William Sauret sourit: «On a attendu la dernière journée du premier tour pour marquer enfin un but, et même deux d'un coup!» Le technicien n'a pas oublié ce jour où il a perdu 7-2 le matin avec les juniors et 7-2 l'après-midi avec la 5e ligue, où il remplaçait l'entraîneur en place. Mais preuve que tout va très vite dans le football, comme disent les winners, «les juniors sont aujourd'hui champions de leur catégorie et tous les joueurs de 5e ligue qui nous avaient quittés fâchés reviennent dans l'équipe!»
William Sauret en sera l'entraîneur, tout en poursuivant ses activités au sein du club. Une surtout: «L'US Rue veut être reconnue dans la région pour l'attention qu'il porte au football féminin. Nous travaillons beaucoup dans ce secteur.»
Avec une équipe renforcée, Rue ne devrait pas menacer le record du Kurdischer FC Solothurn, double vainqueur de notre classement (2007/08 et 2008/09) avec des différences de but naufrageuses de respectivement 11-160 et 17-140. Depuis, les Kurdes de Soleure ont connu une montée en puissance irrésistible. Ils occupent la troisième place de leur groupe en 4e ligue.
Une autre équipe a touché le fond plus d'une fois: le FC Massonnens. Avec un seul point, le club fribourgeois a remporté notre classement en 2010/11, avant de faire encore «mieux» deux ans plus tard avec 22 défaites en autant de matchs. Mais depuis, Massonnens a remonté la pente: il brigue l'ascension en 4e ligue.
Sur la moyenne des 23 dernières années, la pire équipe de Suisse a marqué 0,8 buts par match et en a concédé 6,8. Avec «seulement» 5,8 buts encaissés, l'US Rue fait un cancre très honorable.
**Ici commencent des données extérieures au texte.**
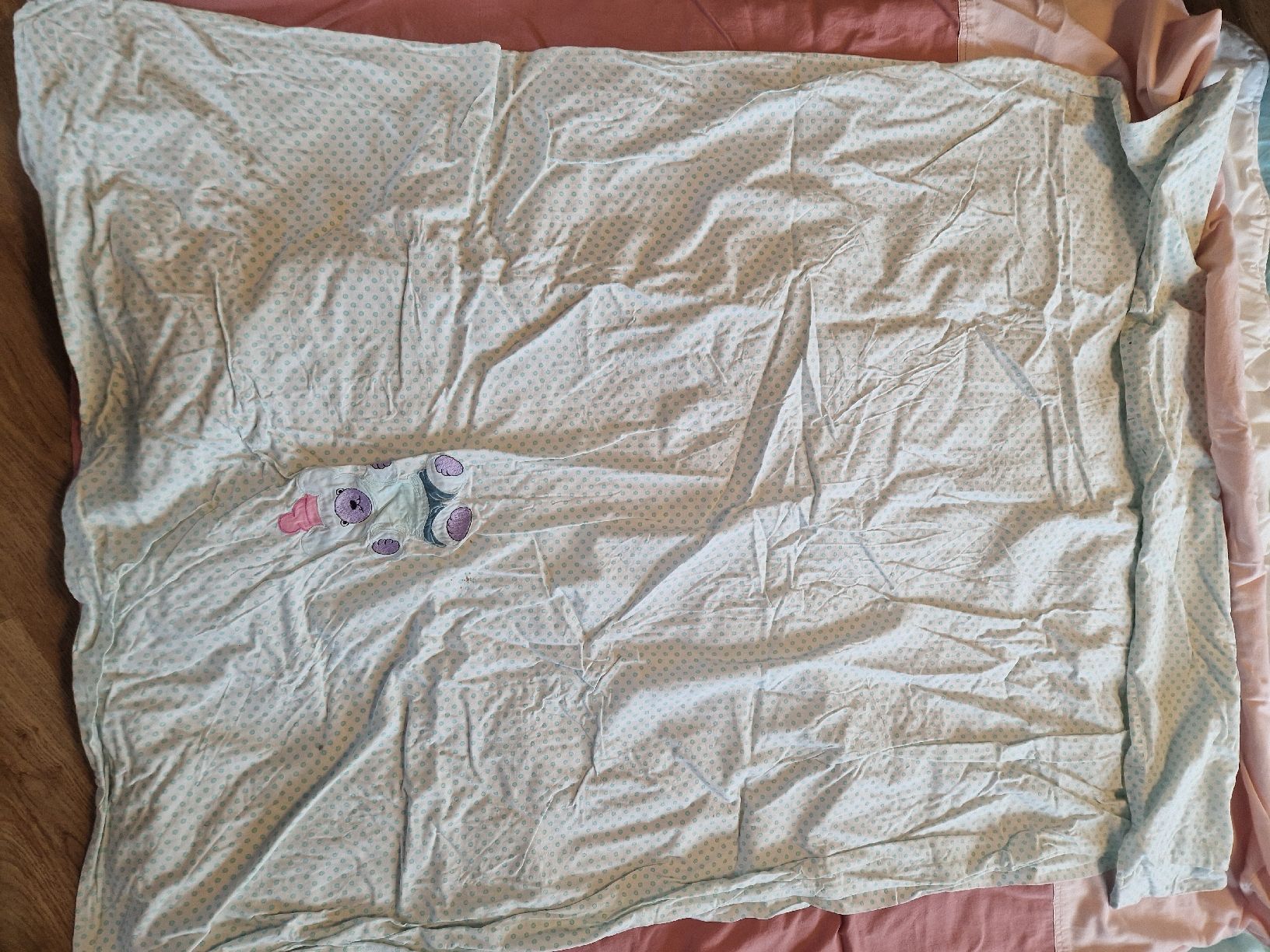 Coperte: Kinderdecke mit 4 Bezügen – Usato da Büren an der Aare venduto da mon_nbb9 1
D'autant plus honorable que, contrairement à de nombreux mauvais esprits, l'équipe fribourgeoise ne s'est pas retirée lâchement du championnat, pour sauver sa dignité et/ou consacrer ses week-ends à des tâches plus gratifiantes. Cette persévérance, si elle est aussi une forme de victoire, sinon de talent, est la raison pour laquelle des milliers de gens aiment tant le football amateur - et ses bons perdants.